Brief descriptive captions
::::::::

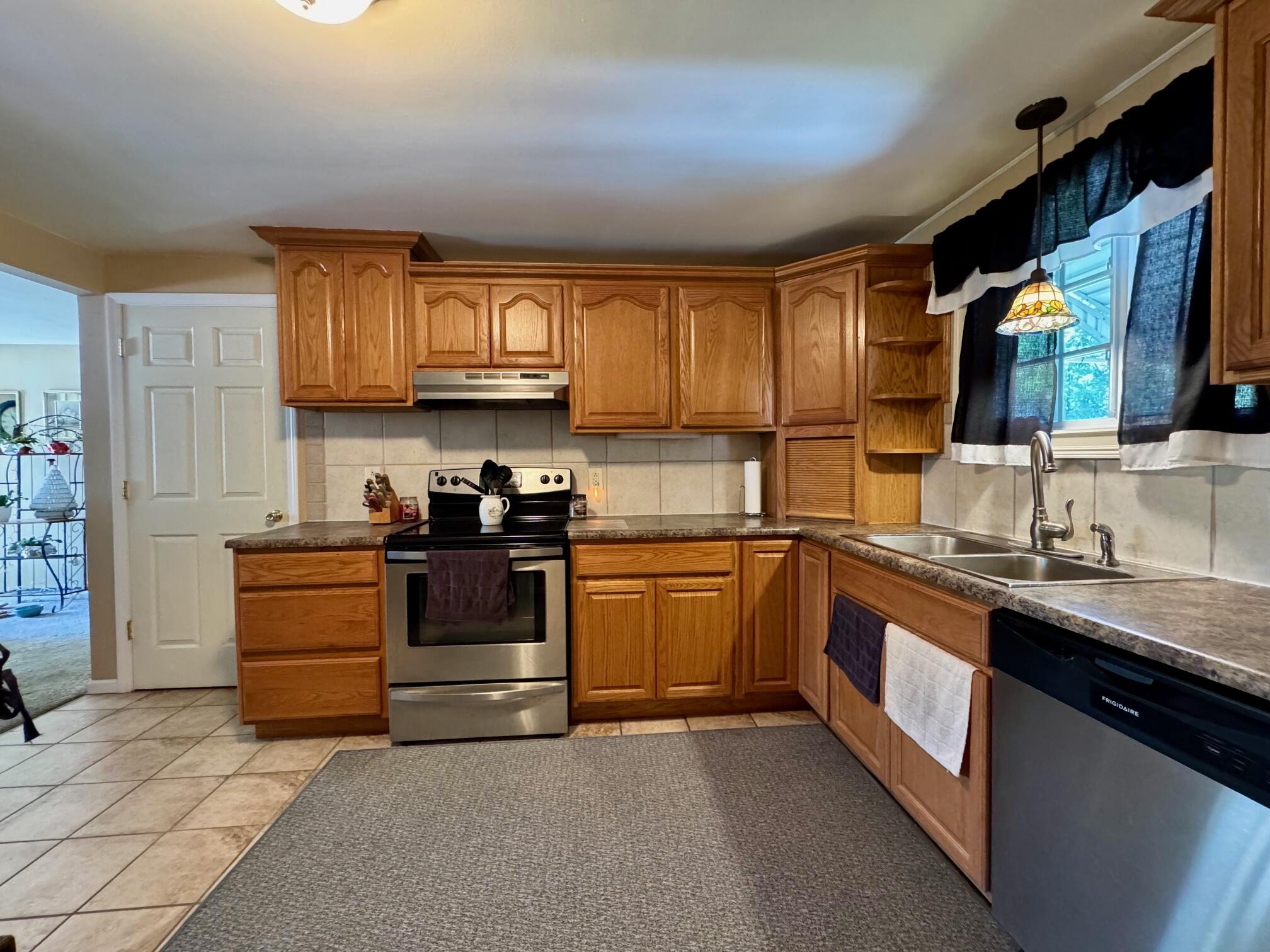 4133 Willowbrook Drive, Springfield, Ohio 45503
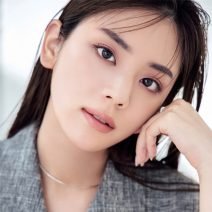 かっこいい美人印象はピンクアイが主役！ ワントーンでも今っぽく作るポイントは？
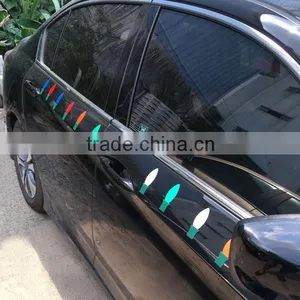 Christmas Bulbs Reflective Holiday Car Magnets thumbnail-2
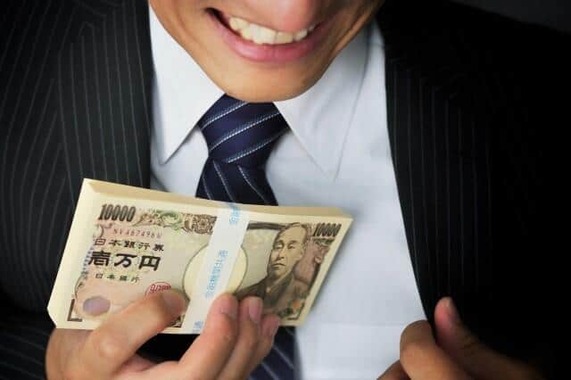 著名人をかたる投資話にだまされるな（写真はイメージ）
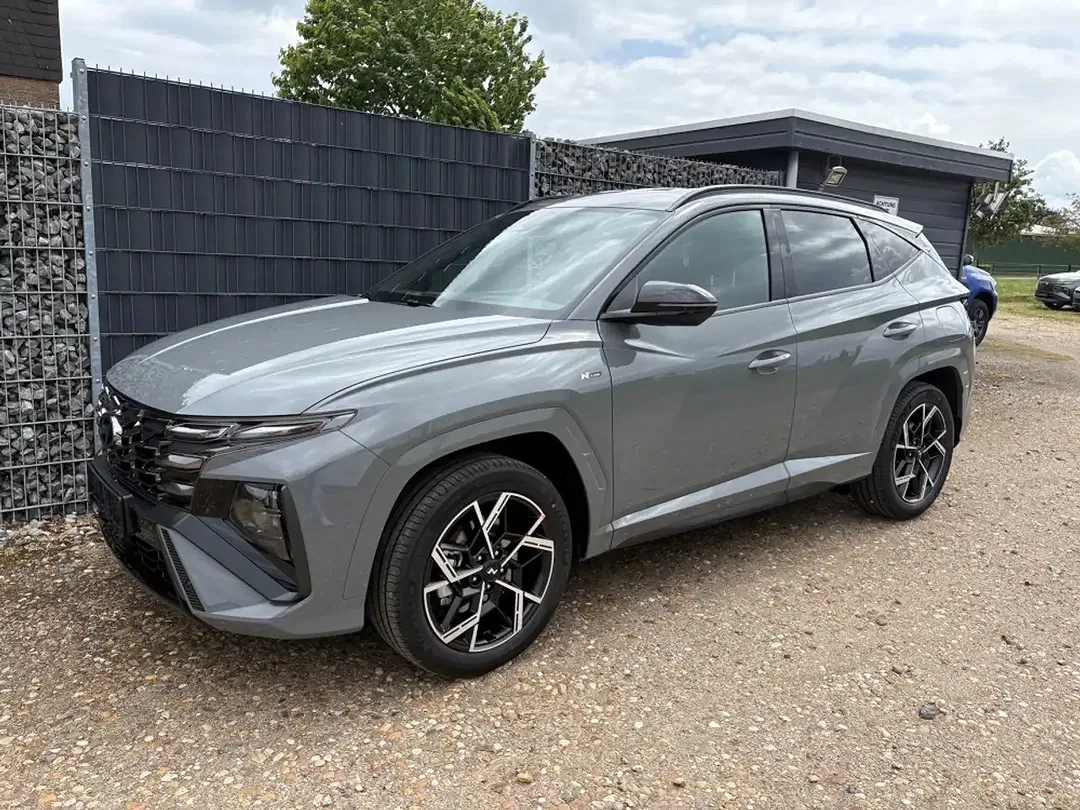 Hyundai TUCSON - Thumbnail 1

::::::::

▶ _EXERCISE AIM_:
The range to print runs from the line with "Christmas Bulbs Reflective" through the last line of the entries, both included; keep it exact and skip the pictures.

▶ _YOUR SOLUTION_:
 Christmas Bulbs Reflective Holiday Car Magnets thumbnail-2
 著名人をかたる投資話にだまされるな（写真はイメージ）
 Hyundai TUCSON - Thumbnail 1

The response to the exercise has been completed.